The sequence of events, while contained and not very serious on the grand scale of violence, portrays the cycle Galtung described. And it begs the question, if one of these three forms of violence was removed, how would the outcome change?
The cycle of physical harm is intrinsically connected through complicated webs linking the three types of violence. It is impossible to eradicate one form while the other two exist.
While physical violence is not the only form of violence, it certainly is the most abhorrent. Regardless of political alignment, everyone wants less deaths and incidents of gun violence in the United States. And no matter what side of the aisle you find yourself on, you probably want a peaceful end to the war in Ukraine — and probably a peaceful end to all wars. The details of how to make peace a reality is where the complication arises.

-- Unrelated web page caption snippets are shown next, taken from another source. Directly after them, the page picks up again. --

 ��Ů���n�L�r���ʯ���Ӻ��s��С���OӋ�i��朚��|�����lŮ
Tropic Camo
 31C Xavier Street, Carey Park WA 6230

In a violent world that yearns for peace, we must rethink our definition of violence and recognize that while ending physical violence is the ultimate goal, it is impossible until we live into the claim that we do “not condone violence in any form.”
A Lenten challenge
As we near the end of this Lenten season, what are the forms of violence from which we need to repent?
It’s likely that no one reading this article was directly involved with the violence at the Academy Awards or is directly victimized by the war in Ukraine. And it’s likely that very few people reading this have been the victim or perpetrator of gun violence. But each of us live in societies that systemically create structural and cultural violence.

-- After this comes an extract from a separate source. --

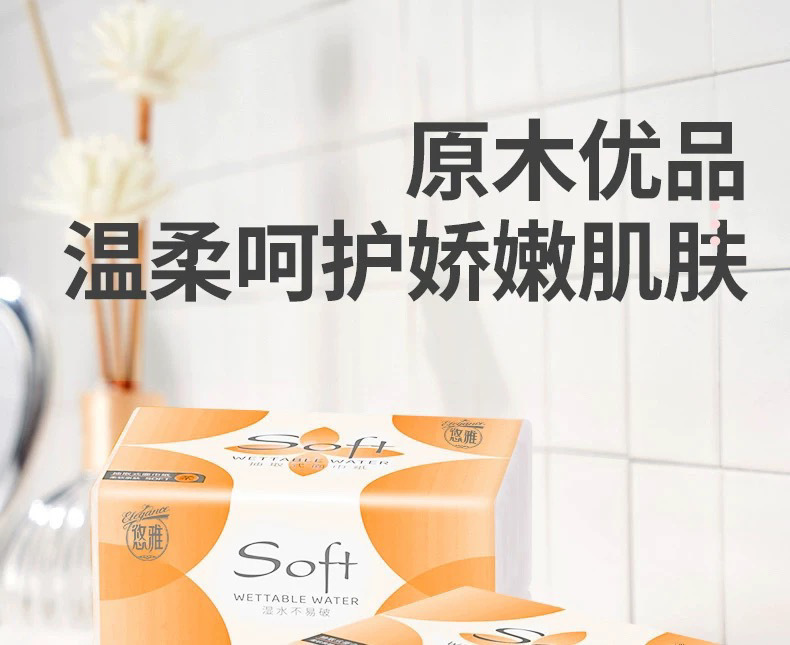 a909272a-f907-40aa-803e-ae71c9129073.jpe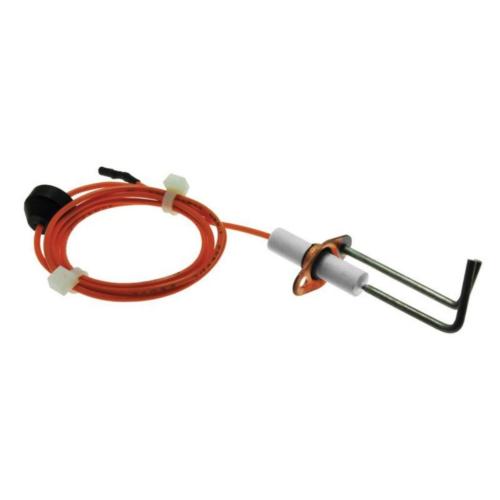 Rheem 62-24141-04 PRO DIRECT SPARK IGNITOR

We need to consider the times when words are violence, laughter is violence, silence is violence, social media is violence, legislation is violence, and religion is violence.
There are plenty of horrific examples in Christian history of physical violence committed by the church. I don’t think we could ever stop repenting from the horrors of the crusades or colonialism. But what would it look like for our local churches to repent from our present acts of violence? How are our religious institutions contributing to the cycle of structural and cultural violence?
“Churches commit structural violence when we fail to honor the divine image alive in each individual.”
Churches commit structural violence when we fail to honor the divine image alive in each individual. Churches commit violence when women are treated as inferior to men and excluded from participation in religious acts and leadership roles within their congregations.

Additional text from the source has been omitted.